The role of a founding SRE is a challenging spot to fill. Given the complexity of the market, knowing what to look for in a candidate is difficult. From the level of experience to knowledge of modern tools and DevOps and SRE practices, what exactly makes an engineer a successful first hire?
As more businesses make SRE hiring a top priority, we asked five industry experts what they think it takes to become a stellar founding SRE. Interestingly, there seems to be common ground among their opinions: a stellar first infrastructure hire is an experienced engineer with demonstrated critical thinking and a highly adaptive nature; a natural leader, the founding SRE, embodies the DevOps culture.
According to Tina Huang, Founder and CTO of Transposit, “The role of a founding SRE is as much about building out a reliability program as it is about fighting fires; this includes everything from hiring to choosing the right tools to helping get your company compliance certifications like SOC2. It can be helpful to select for your SRE team engineers who, even if they haven’t built from scratch the program themselves, have been early enough at a company's SRE function that they’ve seen this early groundwork laid.
SRE at a large organization has very different constraints and challenges. While many of those skills are transferable, the first hire should be someone with domain expertise for what your organization needs at that time and has the early SRE pragmatism to balance the many different demands of starting this new function in your organization.”
Ray Myers, Principal Site Reliability Engineer at divvyDOSE, emphasizes the importance of critical thinking above technical skills and having experience in navigating the vast tool ecosystem. “First off, you want command of the literature but don’t expect to simply drop a particular SRE topology into an existing organization. Start by observing. What are the pain points? What SRE practices are most valuable to introduce first, and how can they hook into the current processes?
Social skills are key, especially persuasion and listening. In order to influence how teams work, you need to earn their trust. Learn their motivations. Demonstrate that your agenda makes their lives easier.

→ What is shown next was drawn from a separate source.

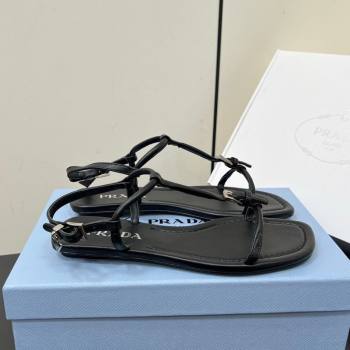 Prada Leather flat sandals with buckle Black 2025 1Y503N (HQG-250603043)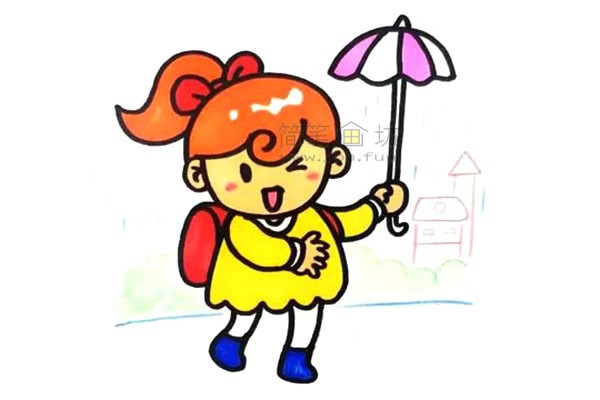 画一个小姑娘打雨伞图片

Of course, technical skills, like automation, cloud, monitoring, and security, are important. The specific technologies are less important than having applied a variety of solutions and being able to navigate the vast tool ecosystem.
For Dai Shi, Founding Site Reliability Engineer at Rockset, the role of a founding SRE starts with setting the grounds “for how SRE will interact with the rest of the company. Building relationships with other teams and forming how they view SRE is crucial to the success of the future SRE team.
In order to accomplish our mission of achieving maximum developer velocity while still maintaining our SLA, we have to rely on other teams to understand their role in achieving good reliability and to work together with SRE; this can come in the form of a product or sales team notifying SRE early on that a large high-touch customer is being onboarded, which can drastically increase the proportional load on the system (especially during early days where the overall load is still small). It can be developer teams building in the instrumentation of crucial metrics into a microservice and building dashboards to monitor it before launch. Finally, it can be having all the engineering teams on call for their own services instead of relegating the SREs to be the only ones holding the pager.
The last example I’ll give is ensuring that management supports SRE’s ability to draw the line when reliability becomes poor and allows them to do things such as delay launches and suspend deploying new features until reliability issues are fixed. Getting these things right can be much more challenging than technical stuff and is much harder to change later if you don’t get it right.”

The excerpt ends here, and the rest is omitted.